JOC Staff | Oct 03, 2012 1:01PM EDT
Boeing on Tuesday downgraded its forecast for global air cargo growth by nearly 12 percent, a reaction to the slowing international economy and a possible result of shippers’ shift to cheaper transport.
The largest freighter manufacturer said it expects air cargo traffic to grow 5.2 percent annually, a decrease from the 5.9 percent expansion Boeing predicted two years ago. Although fuel costs are expected to remain volatile, Boeing doesn’t expect prices to be “significantly higher” than current costs.
“Current industry uncertainty has brought a disparity of viewpoint concerning the future of the air cargo business, but economic activity — particularly world gross domestic product and industrial production — remains the key driver of the air cargo market,” said Tom Crabtree, regional director, business development and strategic integration. “Over the long term, indicators such as GDP growth at 3.2 percent and the need for greater operational efficiency will prevail in the marketplace.”
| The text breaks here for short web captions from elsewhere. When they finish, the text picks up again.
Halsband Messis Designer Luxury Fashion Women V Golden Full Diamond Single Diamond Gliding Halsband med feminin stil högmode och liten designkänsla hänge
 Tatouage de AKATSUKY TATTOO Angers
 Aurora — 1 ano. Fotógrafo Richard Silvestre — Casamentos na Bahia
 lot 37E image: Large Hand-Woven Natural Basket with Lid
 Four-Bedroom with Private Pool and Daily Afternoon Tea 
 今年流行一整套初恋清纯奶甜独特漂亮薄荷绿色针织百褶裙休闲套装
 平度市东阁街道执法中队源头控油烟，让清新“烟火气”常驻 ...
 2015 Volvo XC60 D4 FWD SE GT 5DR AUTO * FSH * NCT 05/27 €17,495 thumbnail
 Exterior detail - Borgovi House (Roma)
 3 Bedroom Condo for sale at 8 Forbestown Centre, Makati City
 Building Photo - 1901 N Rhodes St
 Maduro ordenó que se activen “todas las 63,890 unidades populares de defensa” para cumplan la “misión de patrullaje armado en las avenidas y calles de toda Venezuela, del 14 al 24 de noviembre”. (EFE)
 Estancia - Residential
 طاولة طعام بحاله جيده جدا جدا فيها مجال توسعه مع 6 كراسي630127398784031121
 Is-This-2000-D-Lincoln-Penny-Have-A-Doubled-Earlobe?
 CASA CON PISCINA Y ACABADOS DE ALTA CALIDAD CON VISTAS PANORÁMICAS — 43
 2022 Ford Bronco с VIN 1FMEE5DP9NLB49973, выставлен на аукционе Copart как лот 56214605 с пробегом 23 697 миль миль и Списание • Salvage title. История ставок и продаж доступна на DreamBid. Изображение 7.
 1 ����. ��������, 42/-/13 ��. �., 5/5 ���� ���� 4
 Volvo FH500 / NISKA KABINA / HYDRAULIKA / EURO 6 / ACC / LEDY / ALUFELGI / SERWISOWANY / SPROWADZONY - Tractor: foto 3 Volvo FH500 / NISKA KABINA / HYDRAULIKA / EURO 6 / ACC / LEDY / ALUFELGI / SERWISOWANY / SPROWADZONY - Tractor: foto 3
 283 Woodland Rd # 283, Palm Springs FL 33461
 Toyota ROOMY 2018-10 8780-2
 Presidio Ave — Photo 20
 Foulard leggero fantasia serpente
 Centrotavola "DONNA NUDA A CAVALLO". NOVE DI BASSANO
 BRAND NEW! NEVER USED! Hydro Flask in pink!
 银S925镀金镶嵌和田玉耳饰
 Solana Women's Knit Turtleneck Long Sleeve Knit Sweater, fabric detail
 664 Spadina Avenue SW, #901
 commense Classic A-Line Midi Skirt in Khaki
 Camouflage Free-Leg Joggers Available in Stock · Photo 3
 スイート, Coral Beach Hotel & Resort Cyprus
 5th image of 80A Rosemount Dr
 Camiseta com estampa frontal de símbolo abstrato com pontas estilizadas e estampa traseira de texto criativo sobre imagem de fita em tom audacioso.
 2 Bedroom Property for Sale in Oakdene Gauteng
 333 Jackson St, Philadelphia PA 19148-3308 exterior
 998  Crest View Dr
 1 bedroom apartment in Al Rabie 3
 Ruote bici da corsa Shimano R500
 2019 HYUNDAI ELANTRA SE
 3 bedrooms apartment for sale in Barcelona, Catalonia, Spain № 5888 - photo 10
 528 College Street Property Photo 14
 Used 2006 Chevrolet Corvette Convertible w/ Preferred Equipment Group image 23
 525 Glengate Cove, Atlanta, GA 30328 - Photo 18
Boeing forecast the global freighter fleet will expand 84 percent from 1,738 to 3,198 freighters by 2013. The Chicago-based company expects its large freighters, such as the 747 and 777, will account for about 36 percent of the fleet within 20 years, a five percentage point increase from current levels. The new freighter demand will be fueled by 935 new aircraft, valued at $250 billion, and the conversion of 1,820 passenger aircraft to freighters.
Domestic Chinese and intra-Asia markets will lead global growth, with an expansion of 8 percent and 6.9 percent, respectively.
“Latin America markets with North America and with Europe will grow at approximately the world average growth rate, as will Middle East markets with Europe,” according to the Boeing forecast. “The more mature North America and Europe markets reflect slower and thus lower-than-average traffic growth rates.”